Conclusions. We developed a new class of microbicidal nanoparticles with increased efficiency and improved post-utilization safety. In contrast to AgNPs, the Ag-EbNPs- PDADMAC system is synthesized via green chemistry and employs degradable, benign and sustainable materials. Since these EbNPs can promote significantly higher antimicrobial activities in terms of Ag equivalents in comparison to persistent AgNPs, their environmental footprint is largely reduced. Furthermore, antimicrobial EbNPs are benign towards mammalian cells in comparison to AgNPs at equivalent silver concentration. As the EbNP technology is flexible and may be applied to a wide range of active agents, functionalized EbNPs may be suitable to substitute a wide range of applied metal nanoparticles.
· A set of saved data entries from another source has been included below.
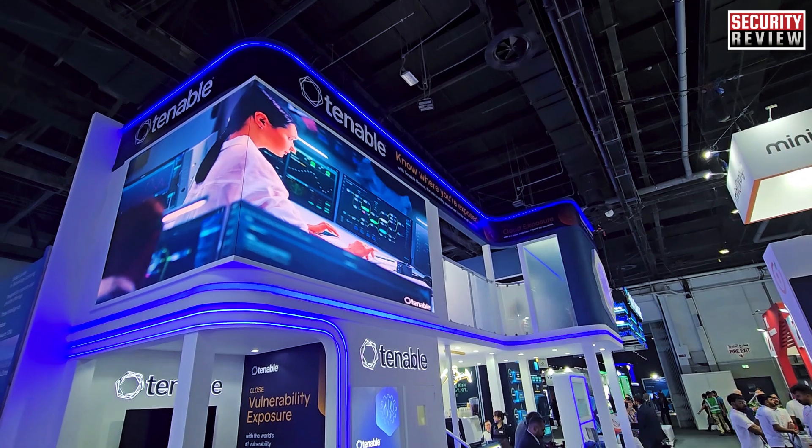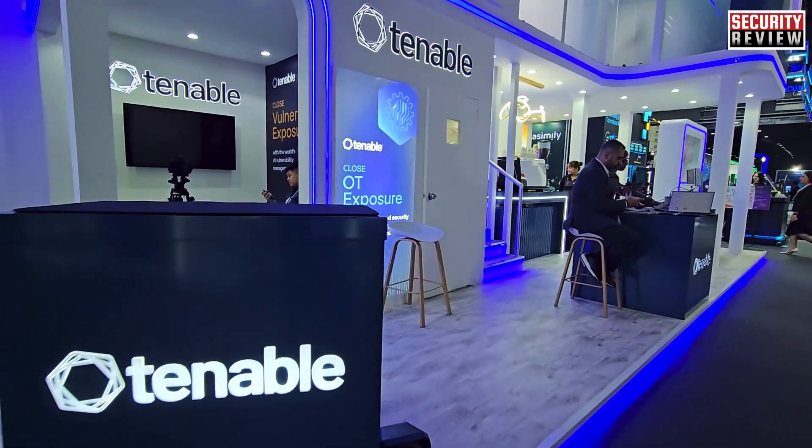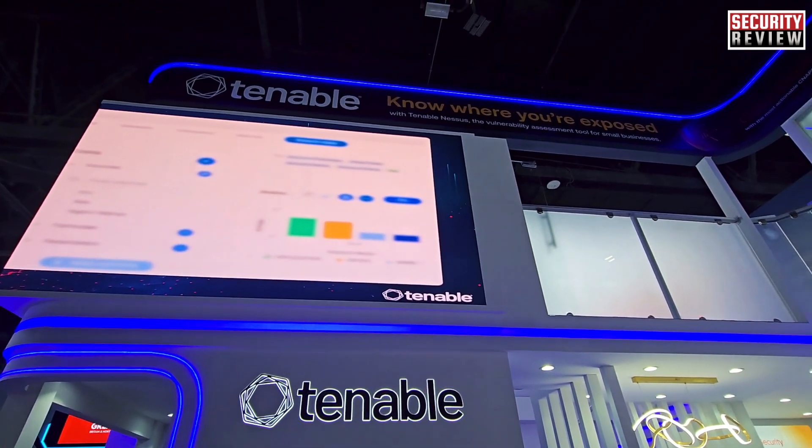Any kind of information — from threat intelligence to ransomware groups attached to a specific vulnerability — is dramatically changing the way organizations can approach vulnerabilities. In the past, we were detecting vulnerabilities and they were focusing on remediation. Today they can access vulnerability intelligence and find any kind of vulnerability, not only what they have. Using solutions like Exposure Respond or Exposure Signal — which alerts you when a specific vulnerability is seen — it's a completely different approach.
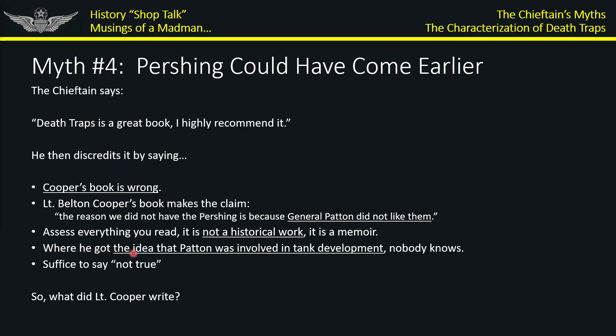He points out: where did Cooper get the idea that Patton was involved in tank development? Nobody knows. He dismissively suggests it and says basically it's not true. You kind of come away wondering whether to trust this book or not. I think it is credible. There's a difference between development and priorities — the fact that Patton may influence priorities doesn't mean he was involved in development.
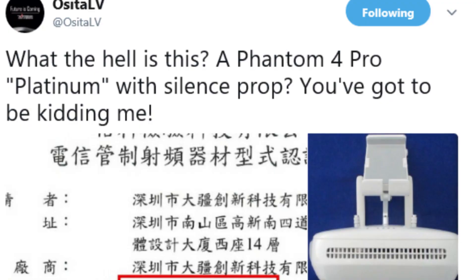Cita Lev put out some tweets today, and without further ado, we're going to jump right into this here. The first tweet — I'm going to put this up on the screen, and pardon the language — what the hell is this? A Phantom 4 Pro Platinum with silence prop?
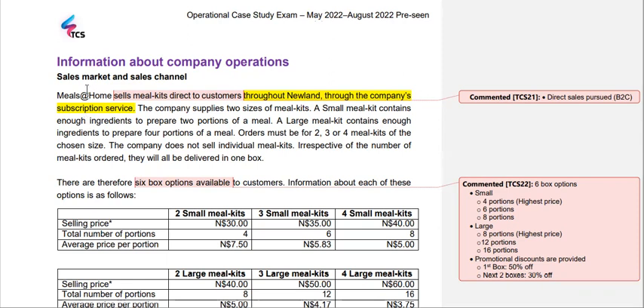First things first, we are looking at sales, the market, and what type of sales channels — so we're looking at sales and marketing happening within the company. Meals at Home sells meal kits directly to customers. As highlighted in video number one, this is a B2C company. Since it's B2C, you need not be too concerned about receivables, because there won't be any — you will see cash sales. We are selling to customers throughout Newland, which is our considered country.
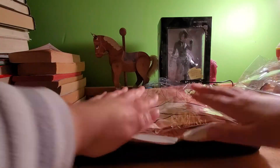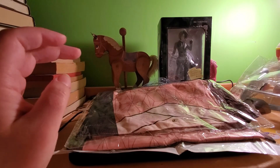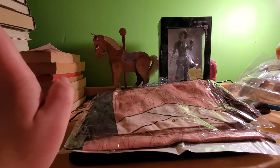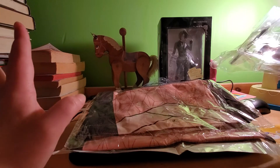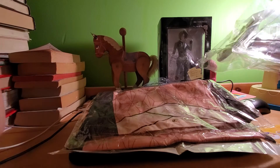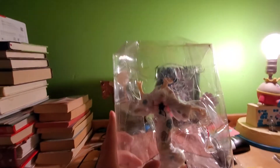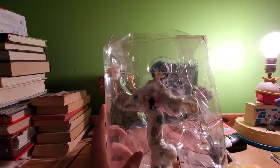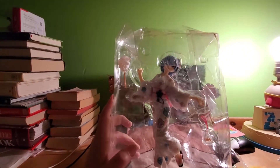Now this next item is already claimed — I got it as a graduation present for somebody, long overdue. Let me get you a closer look: it's Rem from Re:Zero in a kimono.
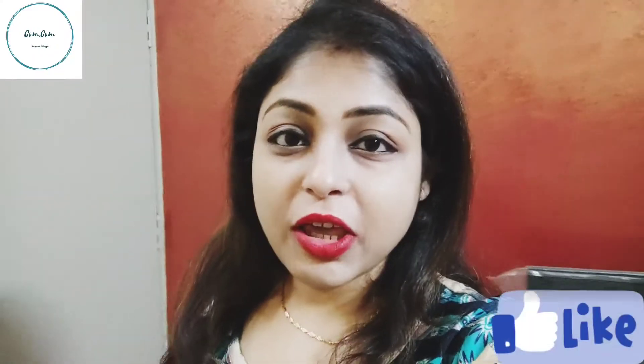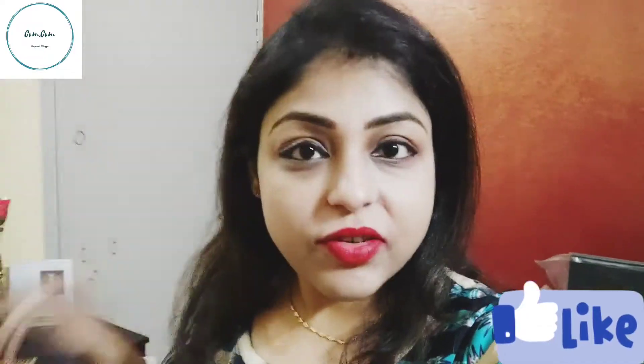Hi friends, welcome to my channel com.com. I am Shreya. Today is a beautiful video — today is my parents' anniversary. I am going to do a small cake cutting.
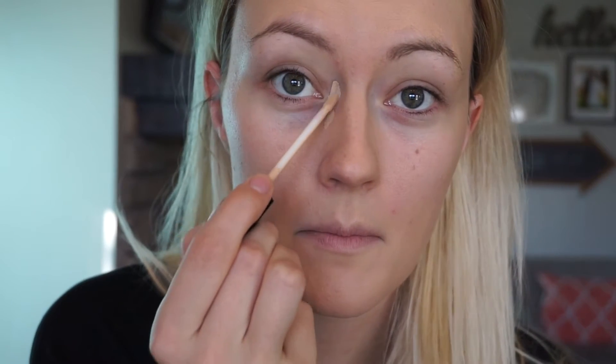I'm using the L'Oreal True Match foundation in the shade Nude Beige, which is W3, and I'm just using an ELF powder brush to buff this into my skin using circular motions. I leave out the under-eye area because I'm going to put concealer over that. Now I'm doing my under-eye concealer using the Maybelline Fit Me concealer, and I'm using a beauty sponge to buff that in.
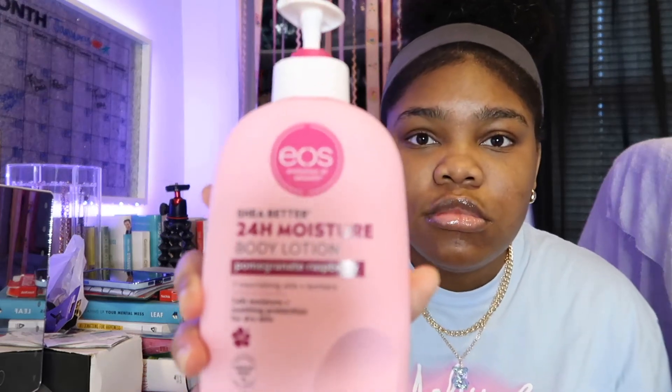The next body care items I'd like to share with you guys are body lotions. I have about five body lotions I've been loving throughout the whole month. The first ones are the EOS lotions. I have the Shea Butter 24-Hour Moisture Body Lotion in Vanilla Cashmere, and then the Pomegranate Raspberry. They smell so good — the Vanilla Cashmere smells like cupcakes, like cake.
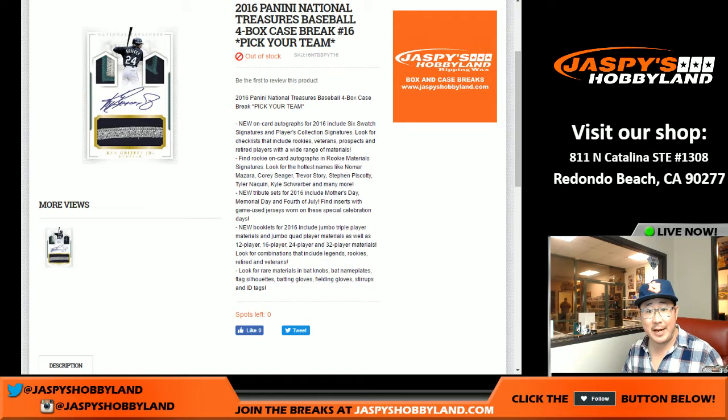Good evening, everyone. Joe for Jaspi's Hobbyland here. We're doing a four box full case break of National Treasures Baseball, one of my favorite products.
Additional data, examples and embodiments may be found in Appendix A attached to the specification of U.S. provisional patent application no. 61/776,274, filed March 11, 2014, the benefit of which application is claimed by the present application, and the contents of which application are incorporated by reference herein in its entirety.

It is to be understood that, while the invention has been described in conjunction with the detailed description, thereof, the foregoing description is intended to illustrate and not limit the scope of the invention. Other aspects, advantages, and modifications of the invention are within the scope of the claims set forth below. All publications, patents, and patent applications cited in this specification are herein incorporated by reference as if each individual publication or patent application were specifically and individually indicated to be incorporated by reference.